The plant is semi-automatised, with high worker input (before the launch of the 2017 A110, vehicles were almost completely hand-built) and focused on low-volume, high quality assembly. It can produce an average of 15 A110s per day. The plant press neither steel nor aluminium (the A110s are mostly built on prefabricated alloy panels). The plant has not a welding section, as the A110 chassis and bodywork are riveted and glued on a special assembly line and moved to a low-temperature coating plant (able to paint both the alloy and plastic elements) and then to a sanding robot (to remove imperfections) and wiping robot (to clean the vehicle). Final assembly is made on a single line, with logistics teams preparing beforehand the vehicle's components to travel along the line with it. Cockpits are assembled and put on by the side and pre-assembled powertrains are put on the rear. Apart from low-volume cars, the Dieppe plant also assembles racing cars (as the Clio Rally4, a rallying car based on the fifth-generation Renault Clio), co-develops racing cars, produces and sells parts for racing cars,  and tunes engines.
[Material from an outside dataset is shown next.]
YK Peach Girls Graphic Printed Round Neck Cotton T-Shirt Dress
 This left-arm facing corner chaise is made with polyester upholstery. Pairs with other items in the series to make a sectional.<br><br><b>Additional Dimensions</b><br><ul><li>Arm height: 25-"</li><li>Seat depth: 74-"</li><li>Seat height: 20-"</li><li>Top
From the late 1970s, Alpine's Dieppe plant produced Renault Sport models and, after the discontinuation of the Alpine brand in 1995, it became its main focus. Renault Sport models produced over time by Alpine include: Renault 5 Turbo, Renault Sport Spider, Clio Renault Sport, Mégane Renault Sport. The last Renault Sport model produced by Dieppe aimed at the mainstream market was the fourth-generation Clio Renault Sport, which was put out of production at the site in 2018. Between 2015 and 2016, the plant also assembled the Bolloré Bluecar.

Alpine Racing

Alpine Racing is the Alpine's motorsport division. It is made up of the Alpine subsidiaries Alpine Racing Limited (an Enstone-based operation) and Alpine Racing SAS (Viry-Châtillon) mainly for running the company Formula One programme and a partnership with Signatech for other programmes.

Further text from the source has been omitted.